In [10]:
import requests
from bs4 import BeautifulSoup
import re

# REGEX compiled expressions
tweet_re = re.compile(r'#[a-zA-z]+[0-9]+')

goals_re = re.compile(r'Goal [0-9]+')

des_separator_re = re.compile(r'<div id="subHeadline">')
htmltag_re = re.compile(r'<[^>]*>')
newline_re = re.compile(r'[\n\r]+')

#*****************************************

# FUNCTIONS

# Title
def get_title():
    return soup.find(id = 'headline').get_text().strip()

# Goals
def get_goals():
    if len(r.history) and 'the ocean conference' in soup.title.text.lower():


        other_sgd_ind = home_right_raw.index('Other SDGs')

        other_goals = re.findall(goals_re,home_right_raw[other_sgd_ind:])

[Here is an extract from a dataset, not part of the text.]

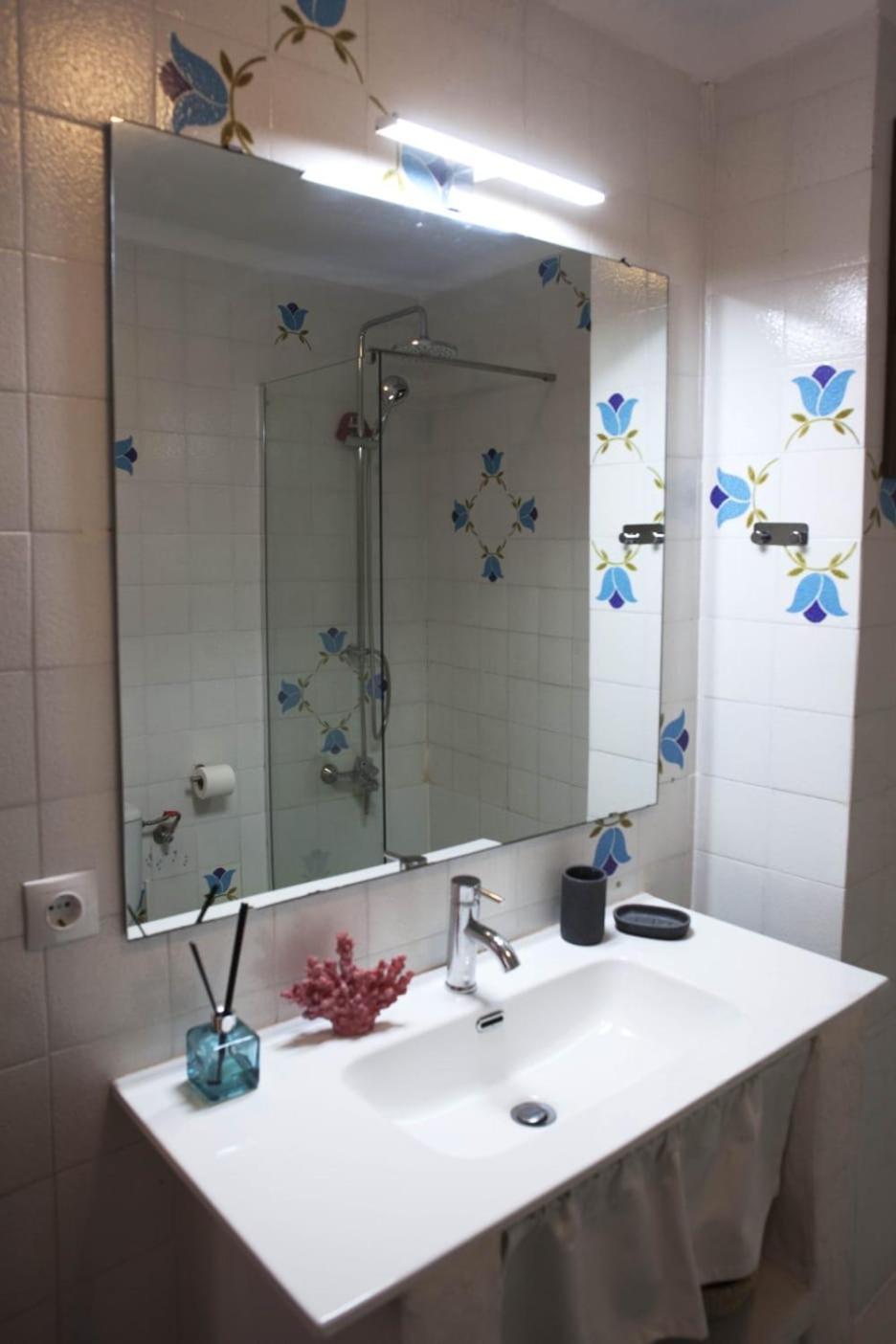 Casa Indalina Apartamento Con Parking Privado Incluido 모야카 외부 사진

        goals_lst = ['Goal 14'] + other_goals

    else:
        goals_raw = soup.find(id='targets')
        goals_lst = [goal.get_text() for goal in goals_raw.findAll('strong')]
        
    return ','.join(goals_lst)

# Partners
def get_partners():
    partner_index = home_right_raw_lst.index('Partners') + 1
    next_index = home_right_raw_lst.index('Ocean Basins') \
                    if len(r.history) and 'the ocean conference' in soup.title.text.lower() \
                    else home_right_raw_lst.index('Countries')
            
    partners = [p.strip() for p in home_right_raw_lst[partner_index:next_index]]
    partners = list(filter(None, partners))
    
    return ' || '.join(partners)

# Description
def get_description():
    des_raw = soup.find(id='intro').find('div', attrs={'class':'wrap'})

    temp = str(des_raw)

    if '<div id="subHeadline">' in temp:
        temp = re.sub(des_separator_re, ' : ', temp)
        temp = re.sub(htmltag_re, '', temp)
        temp = re.sub(newline_re, '\n', temp)
        return temp.strip()
    else: 
        return des_raw.get_text().strip()
    
def get_resources():
    resources_raw = soup.find(id='resources')
    resources_lst = []

    for resource in resources_raw.findAll('div', recursive = False):
        temp = resource.get_text()

        if temp != '':
            temp = re.sub(r'\n+', ' : ', temp.strip())
#             temp = re.sub(r'[\x91\x92]', '\'', temp)
            resources_lst.append(temp.strip())
    return ' || '.join(resources_lst)


def get_timeframe():
    time_frame_index  = [i for i, item in enumerate(home_right_raw_lst) if re.search('Time-frame', item)]
    return home_right_raw_lst[time_frame_index[0]] if len(time_frame_index) == 1 else 'Time-frame: '

def get_countries():
    try:
        countries_index = home_right_raw_lst.index('Countries') + 1
        next_index = home_right_raw_lst.index('Contact information')
        countries = home_right_raw_lst[countries_index:next_index]
        return ",".join(countries)
    except:
        return ''
    
def get_hashtag():
    try:
        return list(filter(tweet_re.match, home_right_raw_lst))[0]
    except:
        return ''

In [12]:
#*****************************************

# SETTING UP VARIABLES
base_url = 'https://sustainabledevelopment.un.org/partnership/?p='

functions = [get_title, get_goals, get_partners, get_description,\
             get_resources, get_timeframe, get_countries, get_hashtag]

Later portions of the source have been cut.